Design Ethnography, User Experience, User Research, Universal and Inclusive Design
Kelly Goto is an American entrepreneur specializing in user experience design and contextual research. She was one of the first design researchers using design ethnography. She is the founder and principal at gotomedia and gotoresearch.
Goto was hired as a senior producer of Warner Bros' online division in Los Angeles 1995, which was the first online presence of a major film studio.
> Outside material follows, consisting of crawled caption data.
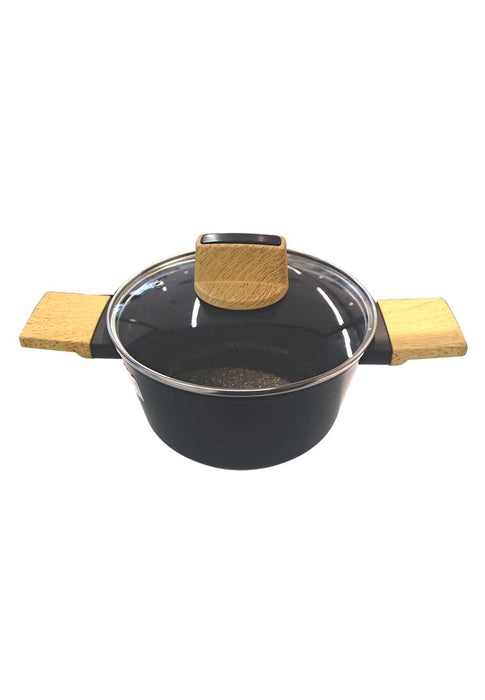 Cuisson Noir Collection Black Casserole with Glass Lid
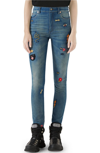 GUCCI PATCH EMBELLISHED SKINNY JEANS,528015XD915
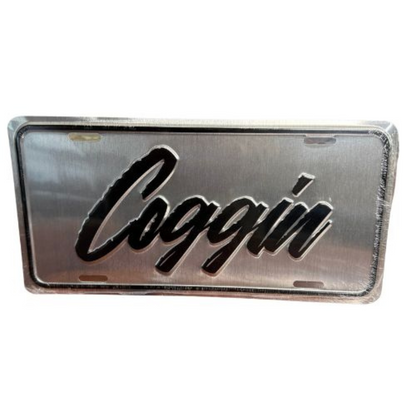 Pull Time™ Official Coggin License Plate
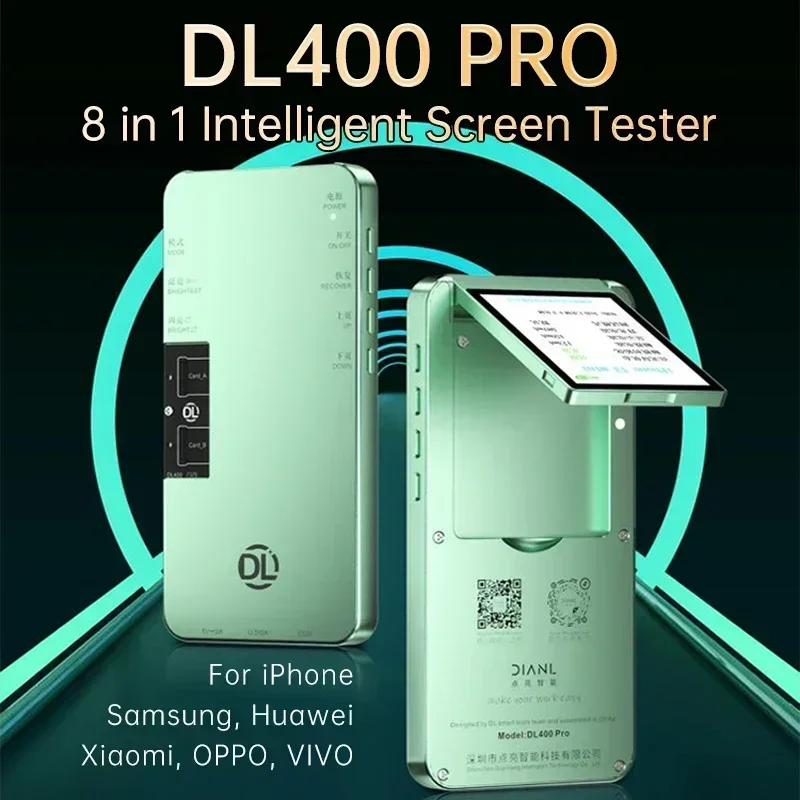 DL400 Pro LCD True Tone Recovery Programmer For iPhone 6-15PM Touch Screen Tester For Samsung Huawei Xiaomi Display Testing tool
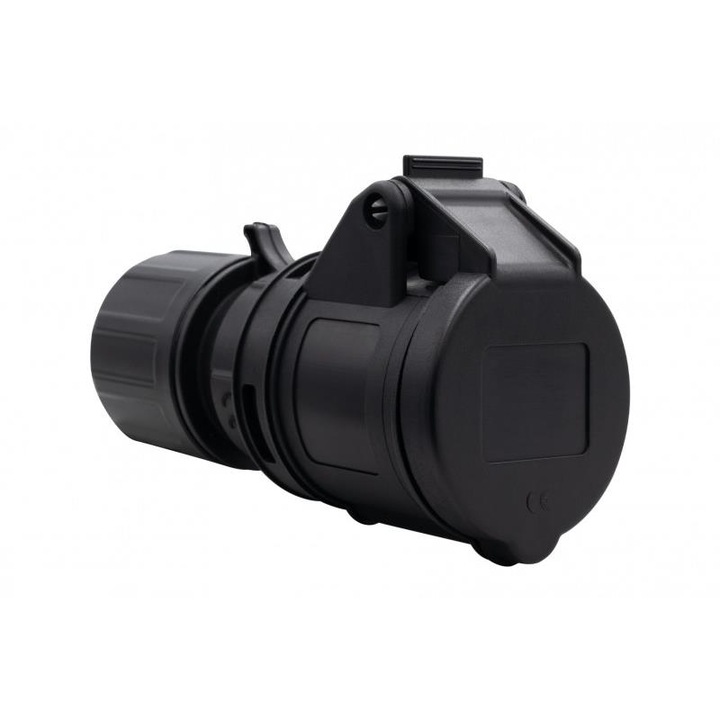 Priza tablou electric, F-ELEKTRO, Aluminiu, 16A, 250V, Negru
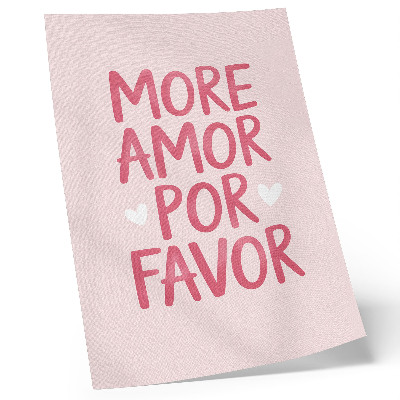 Póster con colores saturados Texto alegre con letras de corazón rojo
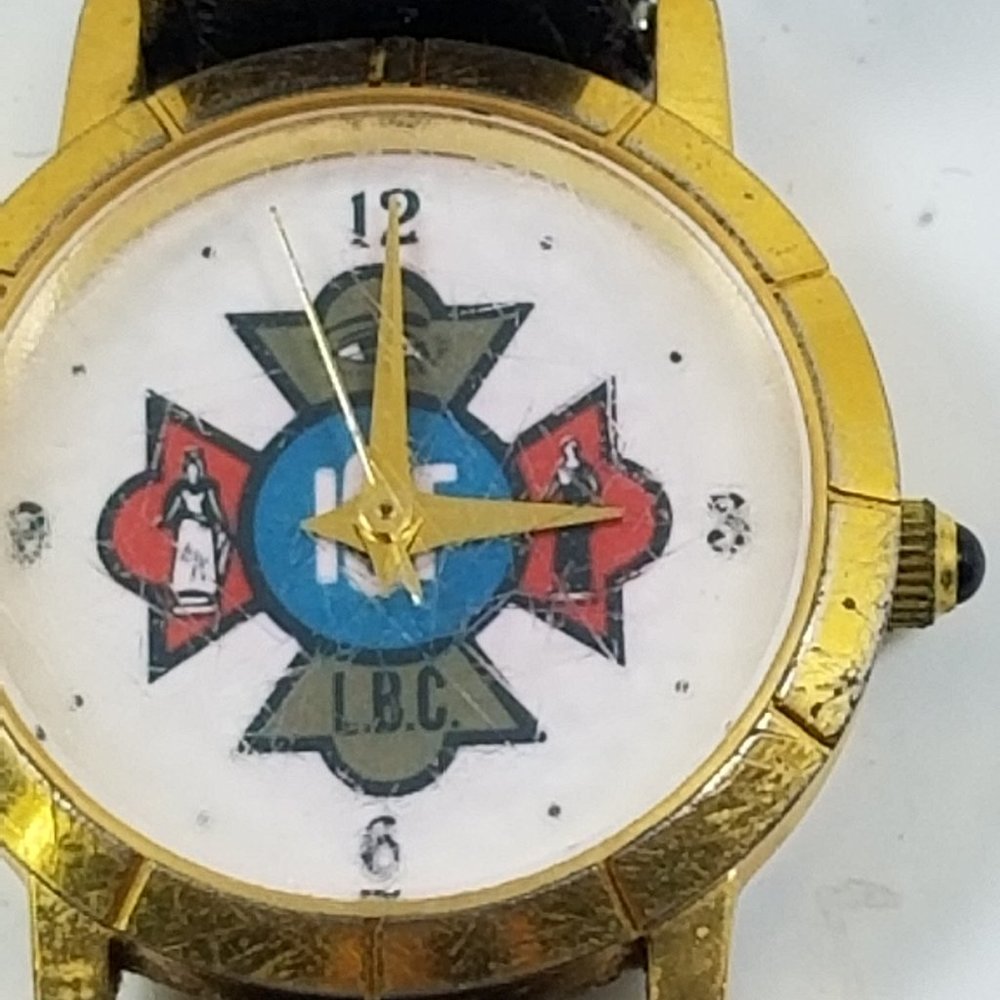 VINTAGE IOF INDEPENDENT ORDER OF FORESTERS WATCH AND PIN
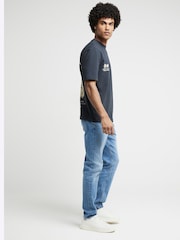 River Island Blue Slim Fit Jeans - Image 2 of 4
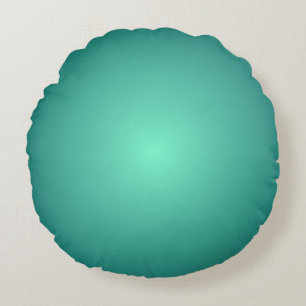 Cojín Redondo Azul Verde Teal Luz a Oscuros Tonos 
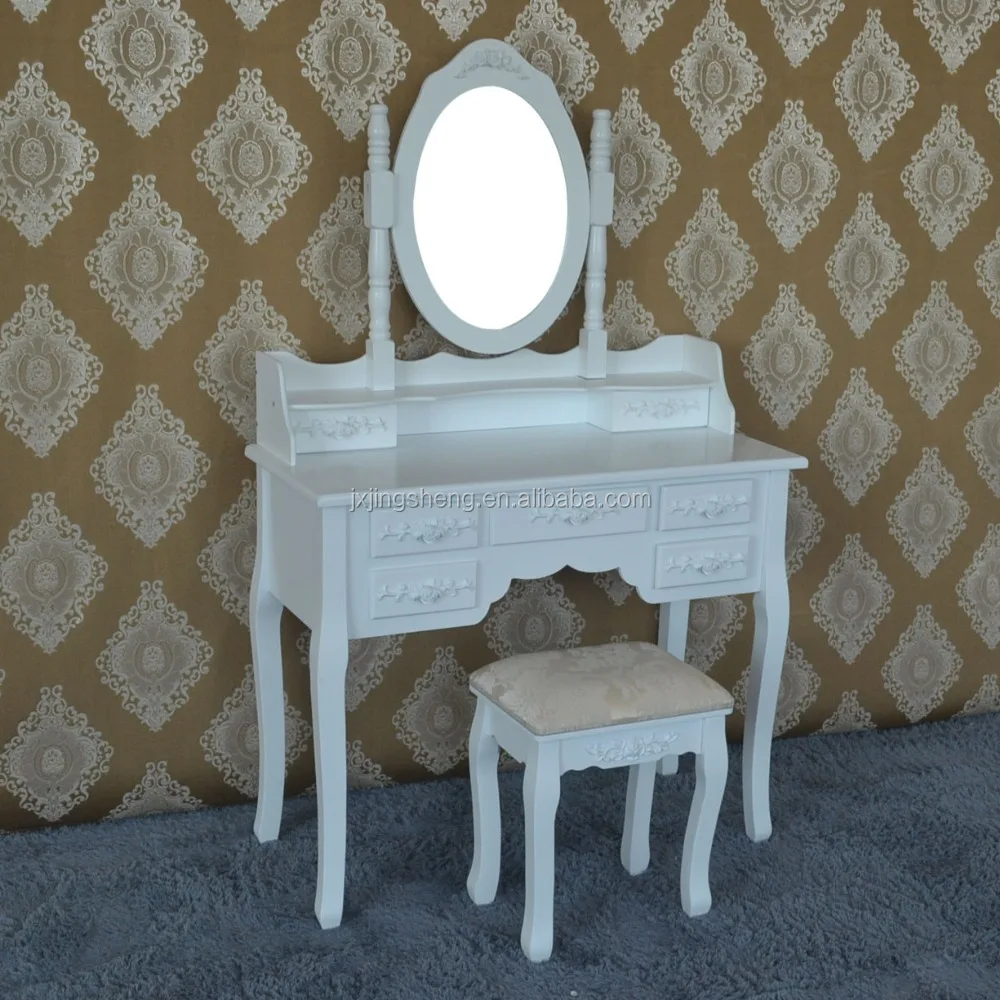 White Cheap Makeup Dresser With Mirror And Chair Buy Dresser
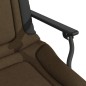 vidaXL Silla de pesca con reposabrazos plegable taupe vidaXL Silla de pesca con reposabrazos plegable taupe
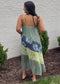 Boho Harmony Mixed Print Maxi Dress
She moved to San Francisco, California in 1999 to become creative director at Red Eye Digital Media, which later became Idea Integration.[4] As creative director she became more interested in the intersection of user experience and design,[5] and was an early proponent of usability testing on the internet.[6] Goto founded gotomedia in 2001 in San Francisco, which initially focused on user experience on the web, and later expanded to mobile design and to multi-faceted user-design for technology, health care, education and other sectors.[3][7][1][8] Goto was the president of the AIGA Brand Experience in 2006-2007.[9] She founded gotoresearch in 2015, which conducts user centered research based drawing from design thinking and ethnographic research methods.[10]
Goto is known for her book originally published in 2002 with collaborator Emily Cotler, Web Redesign: Workflow that Works.[11][12][13] The book, which has been translated into 14 languages and has used in university curricula,[14] argues that the creation of the ideal user experience is an iterative process, and provides practical advice on project workflow and redesign strategies.
Goto emphasizes diversity in her approach to user design research, focusing on both cross-cultural design[15] and universal and inclusive design,[16][17] particularly focusing on how to understand and create the best user experiences for people of color, older people, women, and people with disabilities.[18][19][20] She was one of the earliest proponents of design ethnography, using methods such as diary studies,[21] and has spoken and written on this topic since the early 2000s.[22][23] She also is involved in international and cross-national user design research and has led organizations around the world in design thinking workshops.[24]
Personal life
Kelly lives in a multigenerational Japanese-American household with her mother and two daughters in the Seattle area.[25]